Autre idée ingénieuse, celle des éléments éloignés. Une plateforme est loin de vous, il suffit de tirer sur un fil pour plisser les tissus qui constituent le niveau et ainsi rapprocher la passerelle tant convoitée. Un dernier pour la route, la déformation, encore une impression de relief, du décor lorsque Kirby « rentre » dans un bâtiment. On ne voit plus notre héros mais on distingue une grosse boule qui déforme le tissu. C'est assez rare pour le dire, alors signalons-le, ce Kirby au fil de l'aventure nous donne enfin une impression de relief à une époque où la 3D intégrale règne. Comment faire ? Tout simplement en pensant un jeu 2D avec les techniques de la 3D. L'idée des tissus qui se déforment, plissent, chiffonnent est le concept qu'il fallait pour mettre cette idée sur pied.
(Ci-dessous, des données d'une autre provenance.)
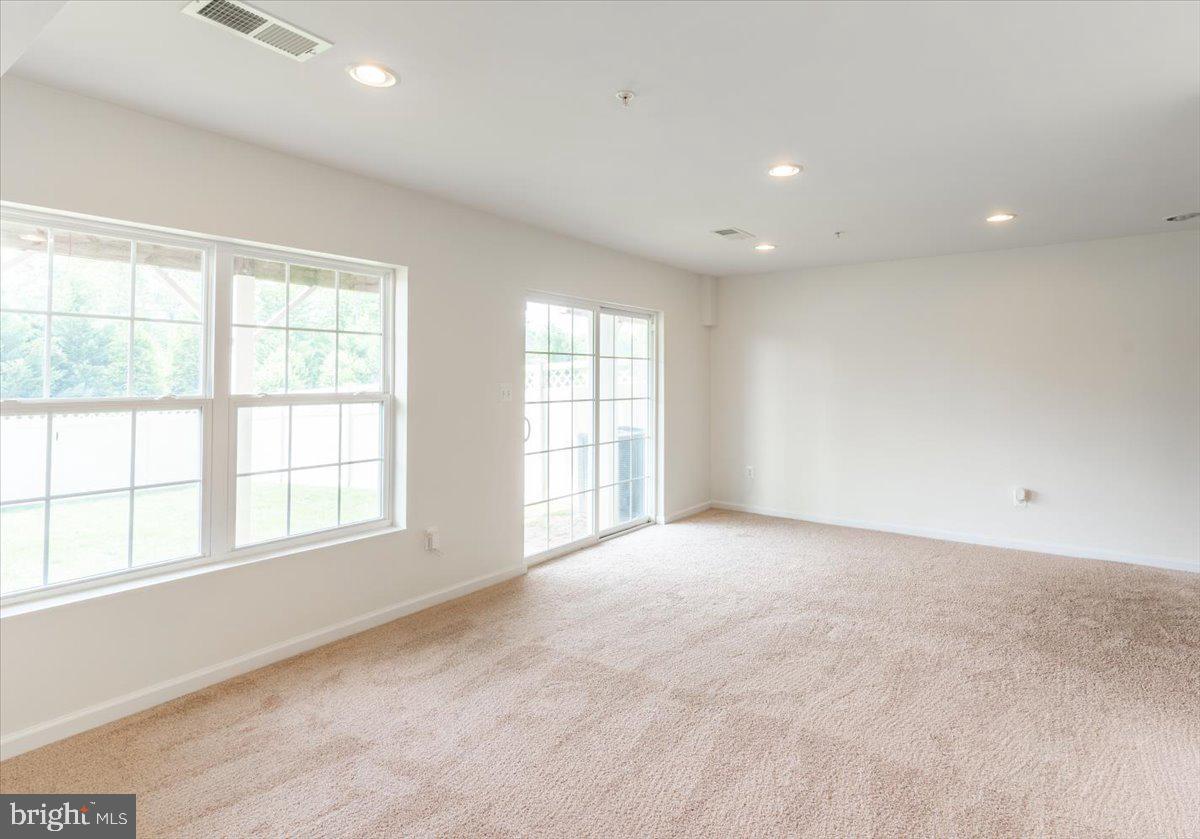 5327 Rockingham Place, Unit 75 White Plains, MD 20695 - Photo 18 of 21 lower level, back yard access and garage access.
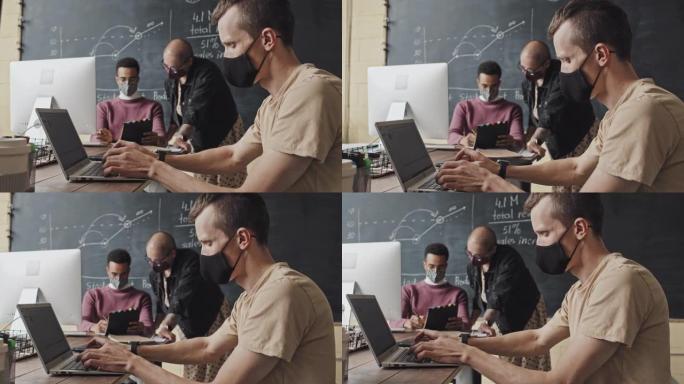 戴口罩的男子在使用笔记本电脑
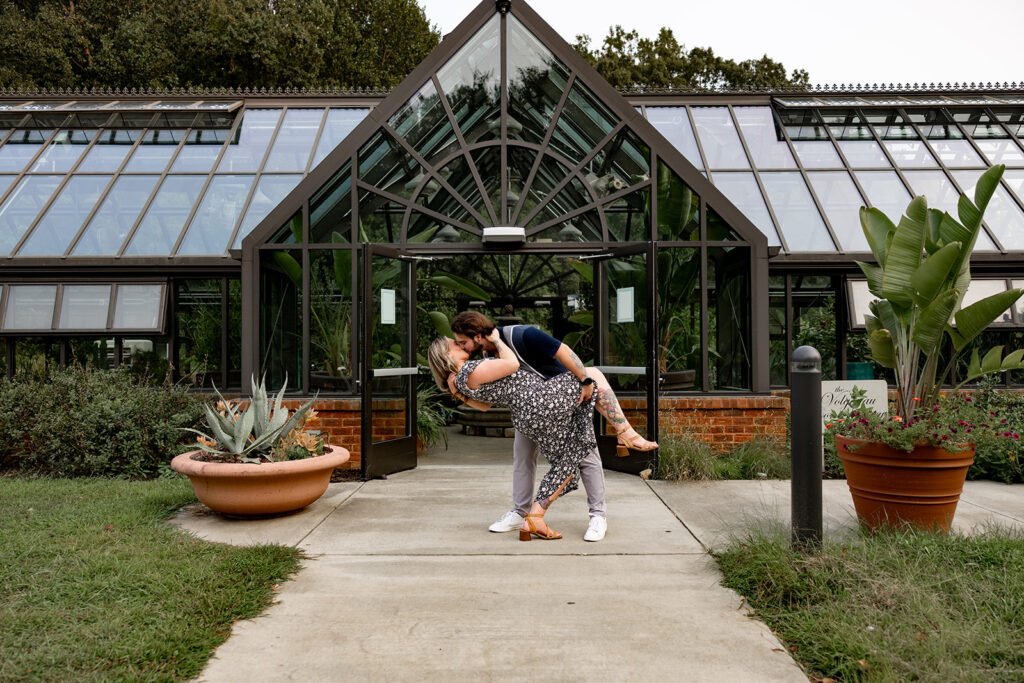 Playful engagement photo outside the Meadowlark Botanical Gardens greenhouse following a surprise proposal in the DC area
Parlons rapidement du choix des niveaux. Au lieu d'avoir une banale carte, les développeurs continuent de travailler leur matériau de base. Ainsi, chaque nouveau niveau se traduit par un dévoilement de la carte façon textile. On jette une sorte d'orbe, permettant de déverrouiller un nouveau niveau, et un ours (par exemple) quitte sa tanière. Le fait de quitter cet espace déforme le terrain et nous offre un moyen d'accès au niveau suivant : une porte trop haute. Autre dévoilement, un génie à qui l'on fait une offrande et qui dégage le reste de la carte, dentelle blanche (nuages), en soufflant. C'est ces petites attentions qui nous montrent que le choix d'un matériau de départ étonnant, le textile, offrit aux développeurs un terrain fertile pour leur créativité.

Choix des niveaux se déroulant sous la forme d'un papyrus

Mention :

Commentaire : Kirby au fil de l'aventure a des défauts comme une bande-son insupportable, un univers très niaiseux mais ce serait lui faire du tord que de considérer trop hautement ces détails. Ce nouveau Kirby reste un grand moment de créativité débridée où chaque élément est pensé et intelligemment mis en scène. Esthétique, structures des décors, gameplays...tous ces éléments se renouvellent pour notre plus grand plaisir.